The X-Men movies, like Batman and Superman before them, have gone through many different permutations over the years, each time trying desperately to please fans of the comic and kowtow to the demands of the cinema. Below, and during the next two X- centric posts, we cover a few examples of how the filmmakers attempted to do both:
Easter Eggs & Character Cameos
Any fanboy filmmaker worth his salt knows that you can't please everyone all the time. There are simply too many characters - and too much mythology packed into years and years of comic book lore - to properly service them all in a single film.
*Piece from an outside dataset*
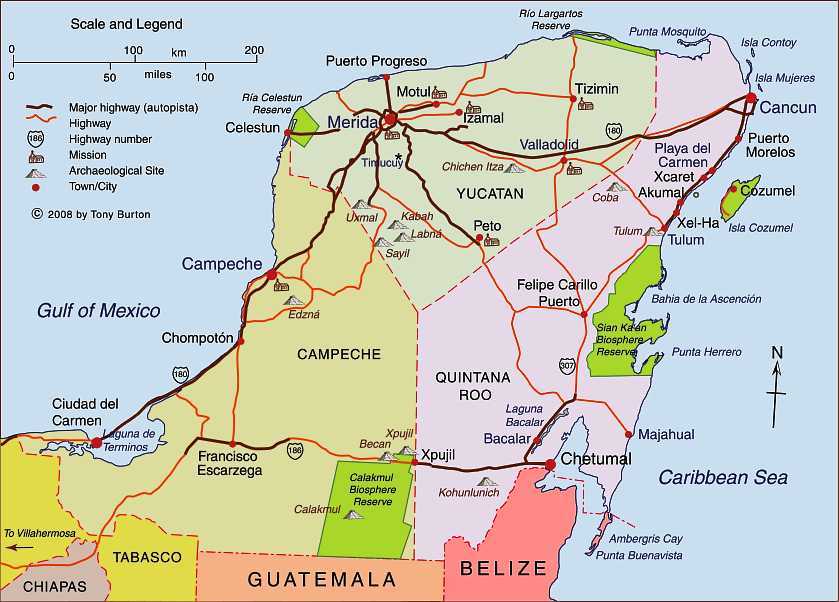 Mapa De Mérida Político Región Mapa Político Ciudad Región Geográfica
Bryan Singer (pictured, above) knew this intrinsically from the start; as if making penance for this, he loaded X-Men 1 with a handful of Easter Eggs and character cameos for generations of X-fans.
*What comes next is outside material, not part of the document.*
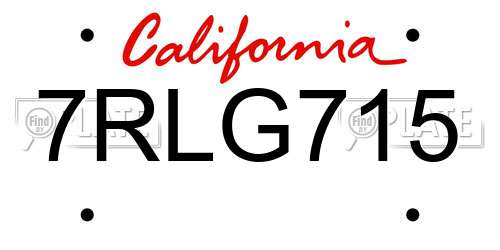 7RLG715 California License Plate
First, Singer plays a friendly game of "Spot the 'X's" - hiding subliminal symbols throughout the movie to help enhance our viewing X-perience. (As far as I can tell, this is by no means meant as an homage to Howard Hawks' Scarface: The Shame Of A Nation, in which subliminal "x"s foreshadow violence and death.) How many "x"s can you spot in the following stills?
Although fan favorites Beast, Angel and the Blob were cut from initial script drafts due to budget cuts (and also because non-fans wouldn't be able to stomach such fantastical characters), Singer managed to include walk-ons from Iceman, Kitty Pryde and Colossus at Xavier's school, presumably so they could be resurrected for future sequels:
Singer digs even deeper for the sequel, often hiding additional X-Men characters in plain view. Consider this pair of shots, taken from William Stryker's top secret computer files:
The obvious name to notice here is Erik Lensherr's (Magneto). Eagle-eyed viewers will also spot Keniucho Harada (Silver Samurai), Garrison Kane (Weapon X), Remy LeBeau (Gambit), Wanda Maximoff (Scarlet Witch) and Pietro Maximoff (Quicksilver), among others, plus, in that second screencap, files for Omega Red, Project Wideawake, and Franklin Richards - son of Mr. Fantastic and the Invisible Woman. (Holy comic book cross-breeding, Batman!)
Even the Danger Room gets a minor shout-out, as seen here in the bowels of Xavier's mansion:
The image is a little blurry, but just over Stryker's shoulder, on the door in front of him, is a plaque that reads, simply, "DANGER" - either a semi-subtle nod to the X-Men's infamous holographic training area (because that's all the budget would allow) or there's stuff going on behind closed doors we don't want to know about.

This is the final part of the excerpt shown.